# Provided entries
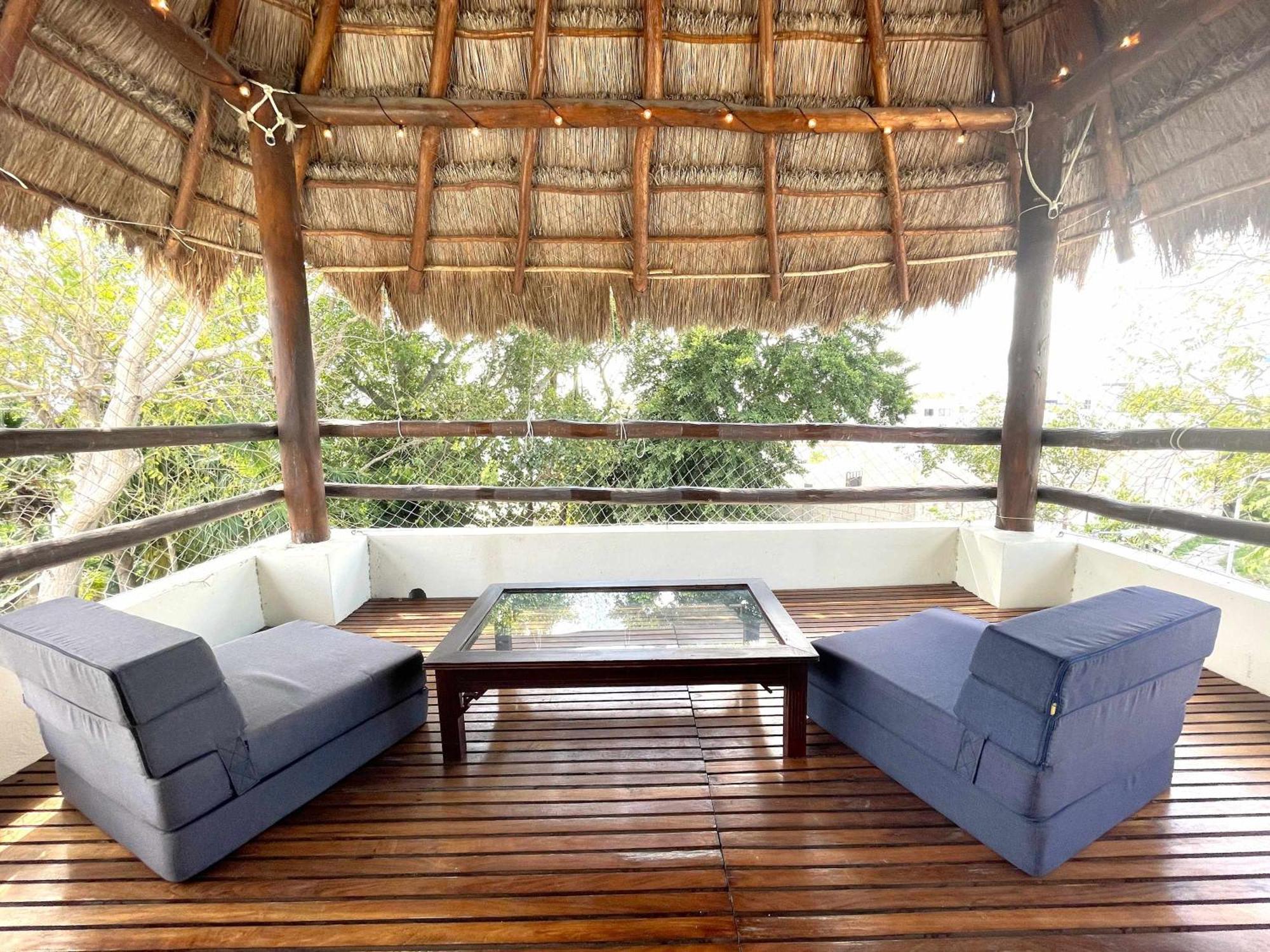 Azul - Alberca Privada * Cancun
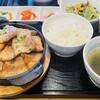 韓国家庭料理 ゴサリ - 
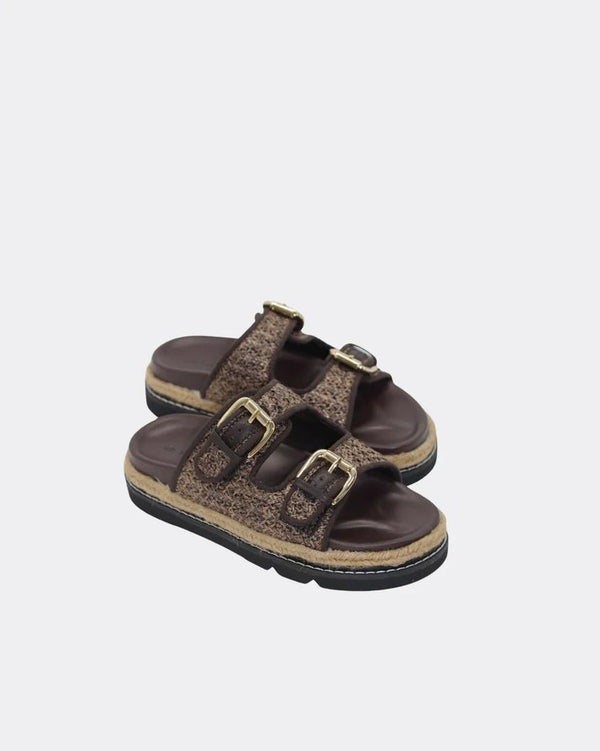 Human Maple Slides Asst Colours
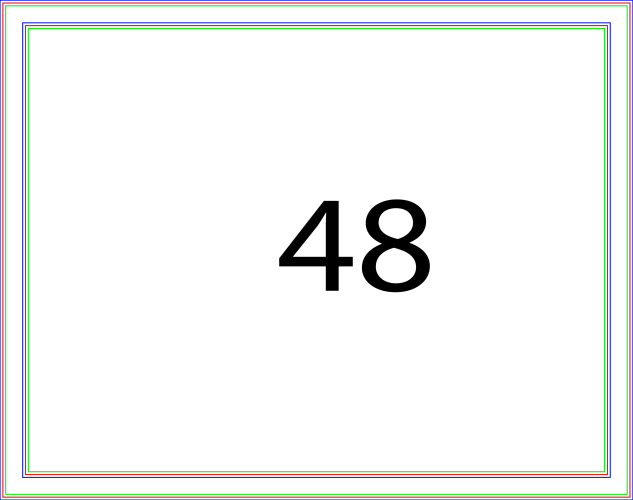 forty eight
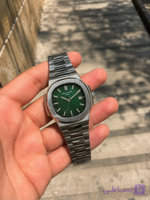 ساعت پتک فلیپ ناتیلوس|Patek philippe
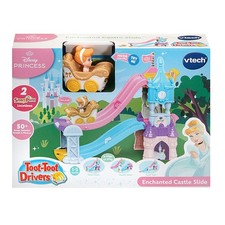 VTech TTD Cinderellas Castle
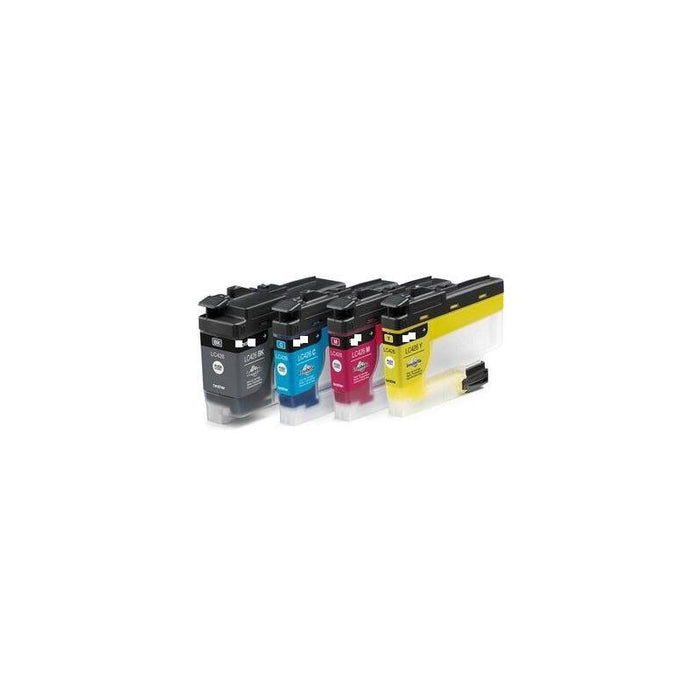 Negro Compatible  Brother Mfc-J4340,J4335,J4540-3k Lc426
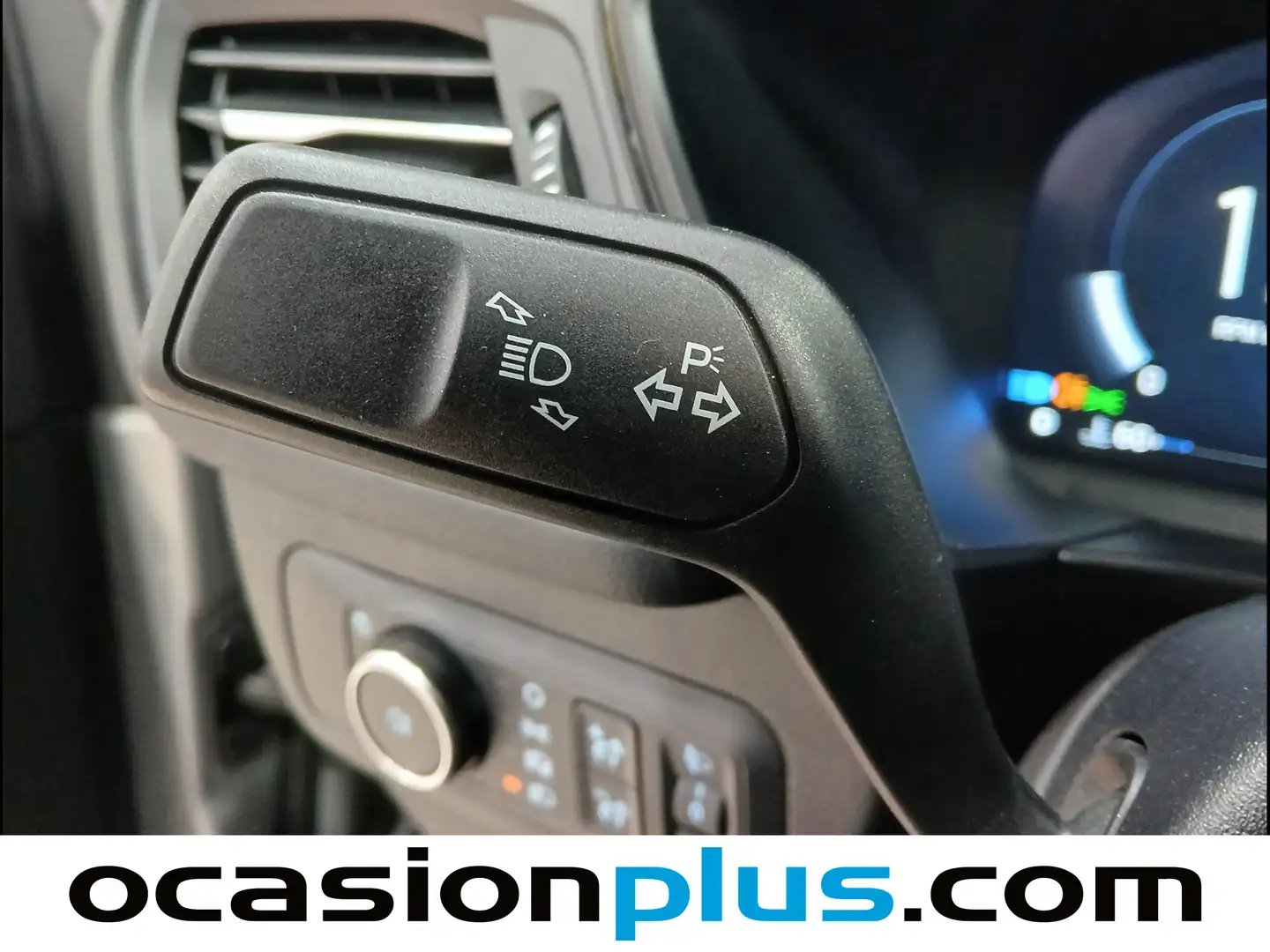 Foto Ford Kuga Ford Kuga 1.5T EcoBoost ST-Line 4x2 (150 CV)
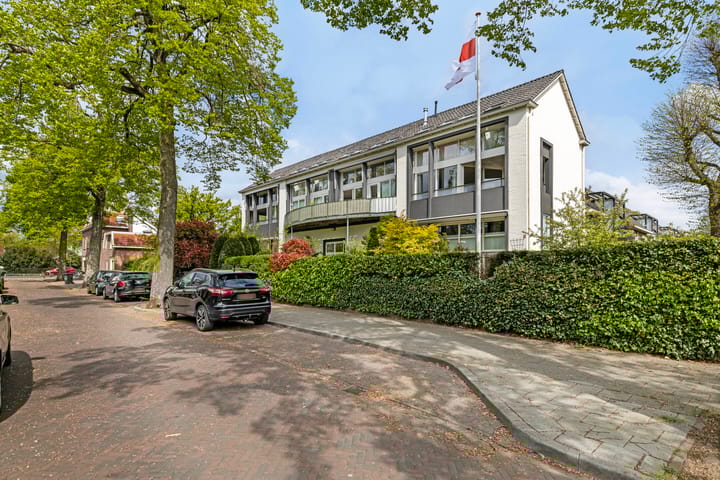 Foto 36 van Boddenkampstraat 80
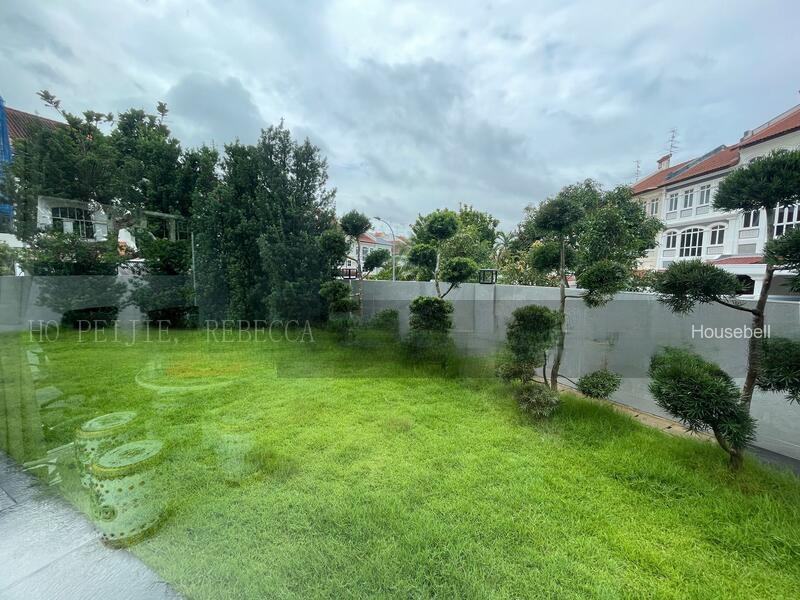 Loyang Villas, S$ 4,750,000, 4,732 sqft, 有地 - Terraced House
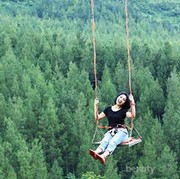Ingin  ke Bandung? Rugi Kalau Enggak ke 10 Wisata Favorit Ini!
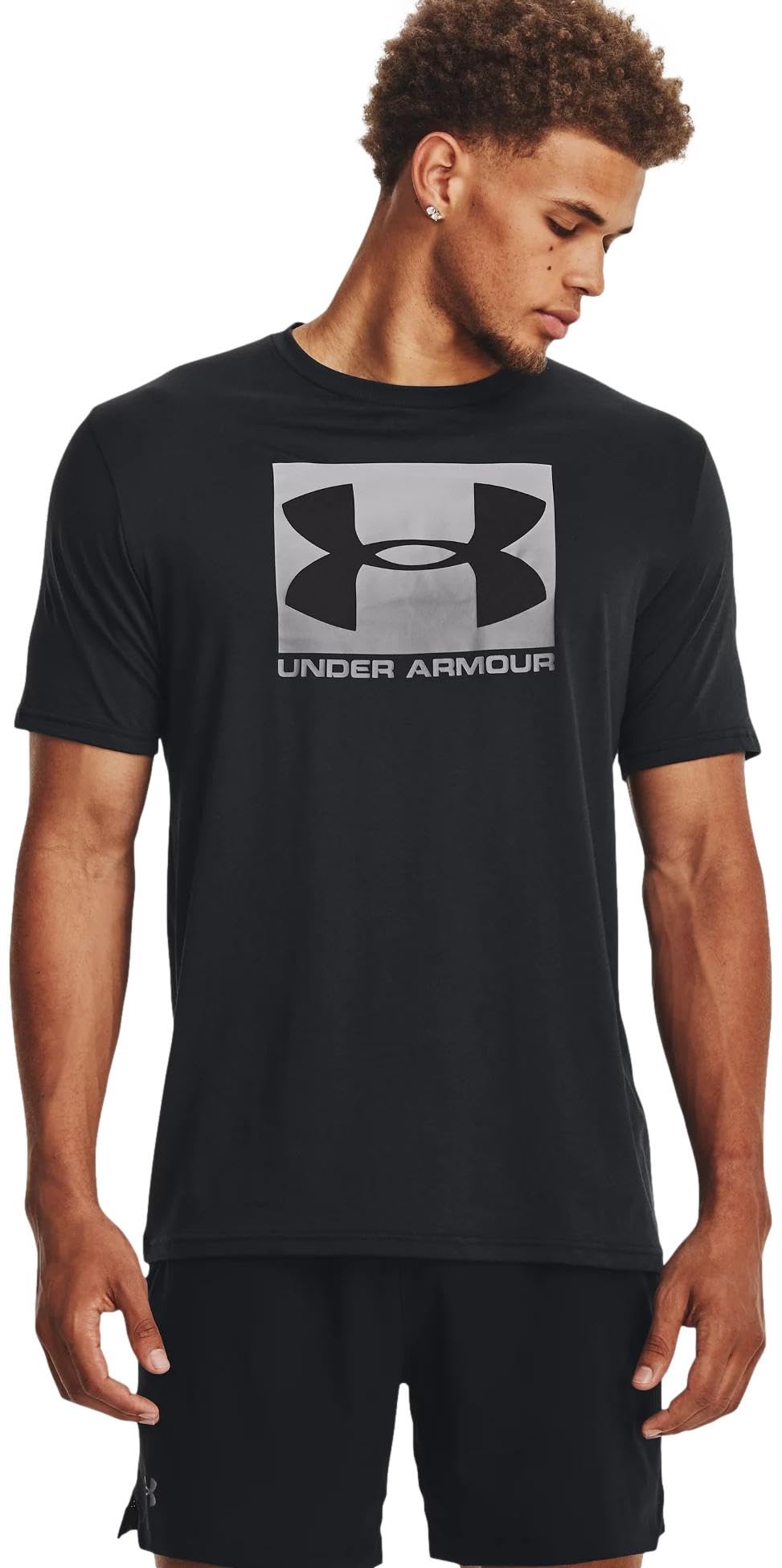 T-shirt homme Under Armour Sportstyle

# Your task
Please reproduce verbatim the lines from the line with "VTech TTD Cinderellas Castle" through the final line of the listing, inclusive of both ends. Omit all pictures.

# Written reply
 VTech TTD Cinderellas Castle
 Negro Compatible  Brother Mfc-J4340,J4335,J4540-3k Lc426
 Foto Ford Kuga Ford Kuga 1.5T EcoBoost ST-Line 4x2 (150 CV)
 Foto 36 van Boddenkampstraat 80
 Loyang Villas, S$ 4,750,000, 4,732 sqft, 有地 - Terraced House
Ingin  ke Bandung? Rugi Kalau Enggak ke 10 Wisata Favorit Ini!
 T-shirt homme Under Armour Sportstyle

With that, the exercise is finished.